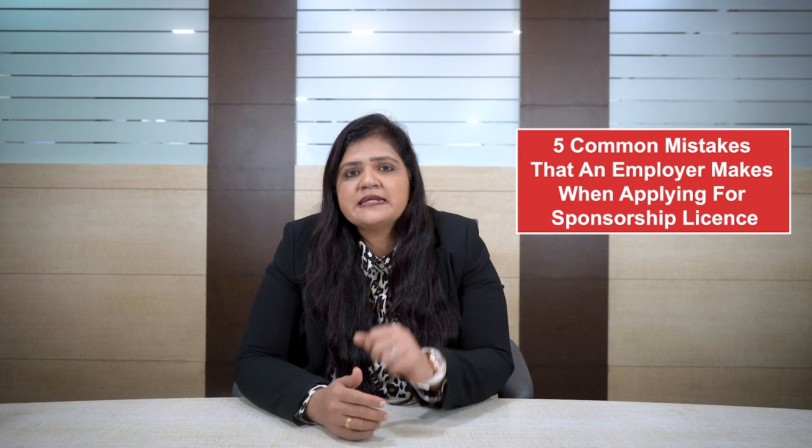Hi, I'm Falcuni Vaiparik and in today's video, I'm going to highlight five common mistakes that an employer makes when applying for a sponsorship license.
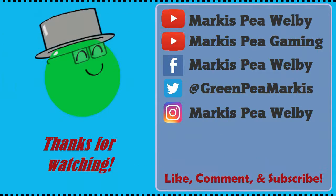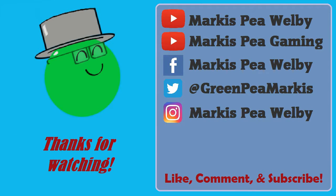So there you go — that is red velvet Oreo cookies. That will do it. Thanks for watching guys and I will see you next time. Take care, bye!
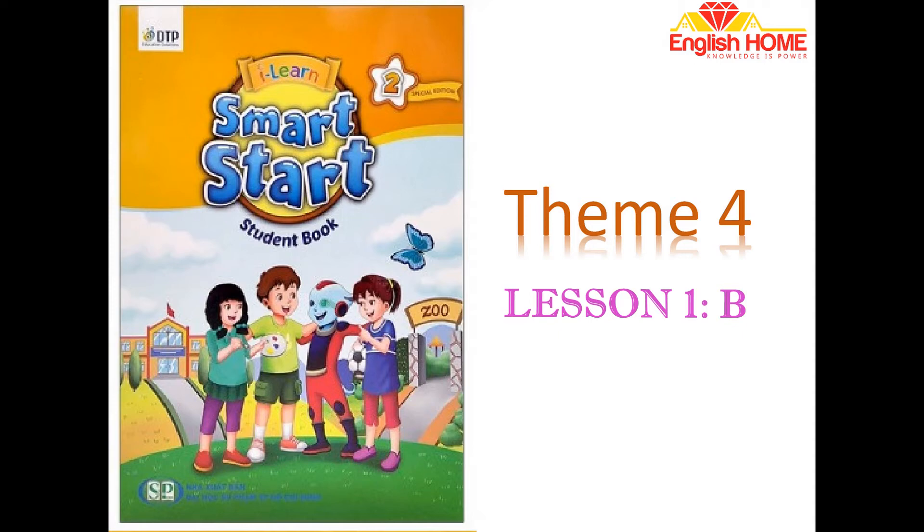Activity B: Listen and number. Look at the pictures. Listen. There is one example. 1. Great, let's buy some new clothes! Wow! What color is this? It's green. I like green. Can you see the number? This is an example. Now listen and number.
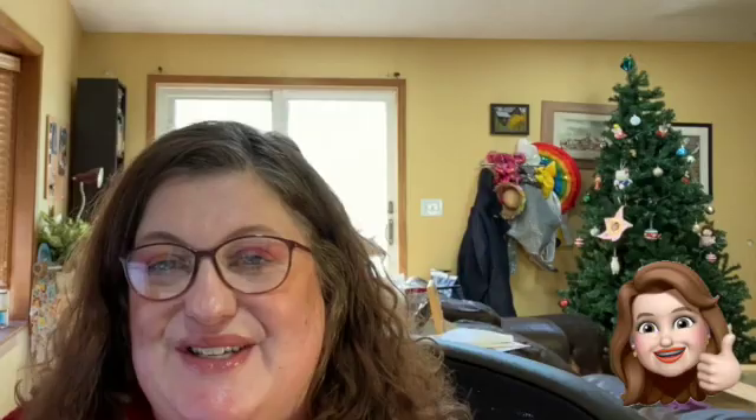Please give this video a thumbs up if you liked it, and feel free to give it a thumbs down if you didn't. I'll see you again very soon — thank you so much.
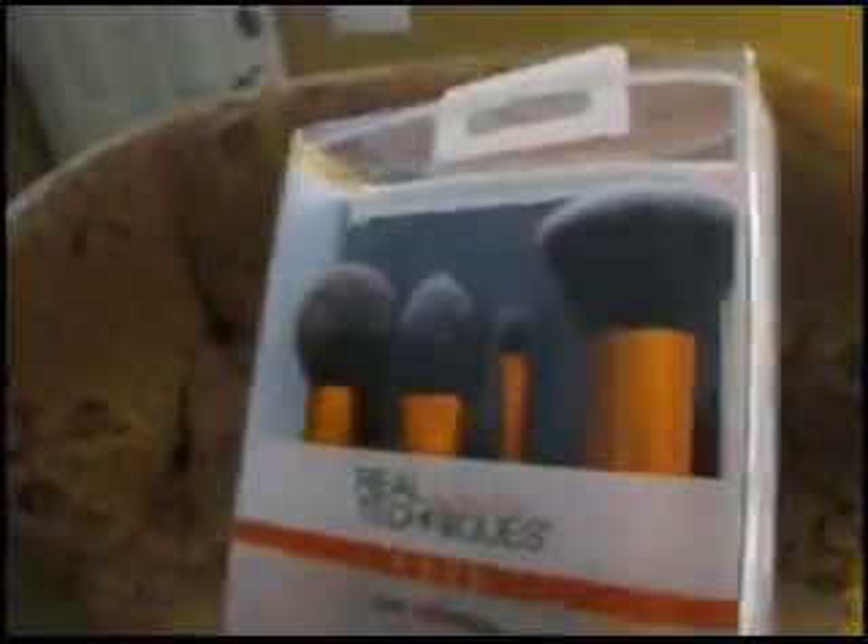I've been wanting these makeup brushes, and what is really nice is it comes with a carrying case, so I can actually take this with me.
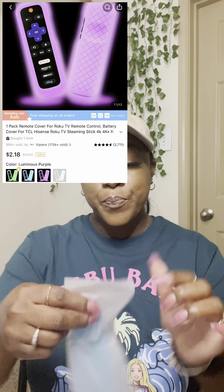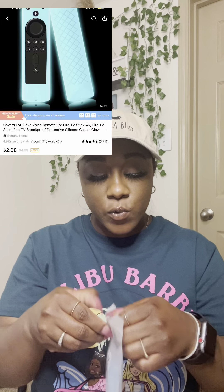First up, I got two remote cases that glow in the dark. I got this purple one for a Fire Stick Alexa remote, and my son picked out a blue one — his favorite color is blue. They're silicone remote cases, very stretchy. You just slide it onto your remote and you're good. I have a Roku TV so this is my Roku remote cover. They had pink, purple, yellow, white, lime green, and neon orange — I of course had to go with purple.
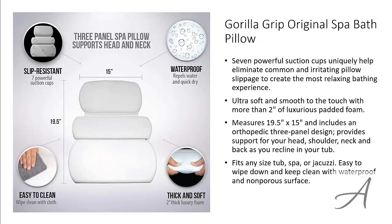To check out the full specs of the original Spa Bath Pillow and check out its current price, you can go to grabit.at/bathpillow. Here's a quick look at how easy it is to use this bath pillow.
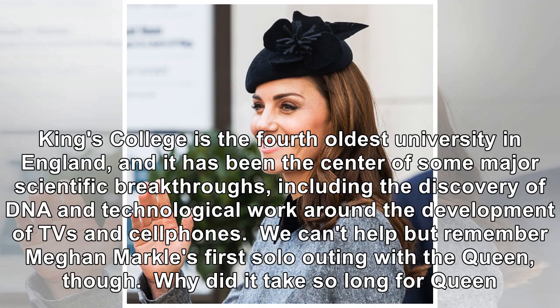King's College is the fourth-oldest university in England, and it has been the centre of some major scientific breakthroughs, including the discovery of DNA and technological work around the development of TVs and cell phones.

++++++

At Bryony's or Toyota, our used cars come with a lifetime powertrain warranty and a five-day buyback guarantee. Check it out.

++++++

◆ Problem ◆
Print nothing but the lines above starting with the line that contains "So there you" and going on through the line that contains "King's College is". Leave out the pictures.

◆ Your response ◆
So there you go — that is red velvet Oreo cookies. That will do it. Thanks for watching guys and I will see you next time. Take care, bye!
Activity B: Listen and number. Look at the pictures. Listen. There is one example. 1. Great, let's buy some new clothes! Wow! What color is this? It's green. I like green. Can you see the number? This is an example. Now listen and number.
Please give this video a thumbs up if you liked it, and feel free to give it a thumbs down if you didn't. I'll see you again very soon — thank you so much.
I've been wanting these makeup brushes, and what is really nice is it comes with a carrying case, so I can actually take this with me.
First up, I got two remote cases that glow in the dark. I got this purple one for a Fire Stick Alexa remote, and my son picked out a blue one — his favorite color is blue. They're silicone remote cases, very stretchy. You just slide it onto your remote and you're good. I have a Roku TV so this is my Roku remote cover. They had pink, purple, yellow, white, lime green, and neon orange — I of course had to go with purple.
To check out the full specs of the original Spa Bath Pillow and check out its current price, you can go to grabit.at/bathpillow. Here's a quick look at how easy it is to use this bath pillow.
King's College is the fourth-oldest university in England, and it has been the centre of some major scientific breakthroughs, including the discovery of DNA and technological work around the development of TVs and cell phones.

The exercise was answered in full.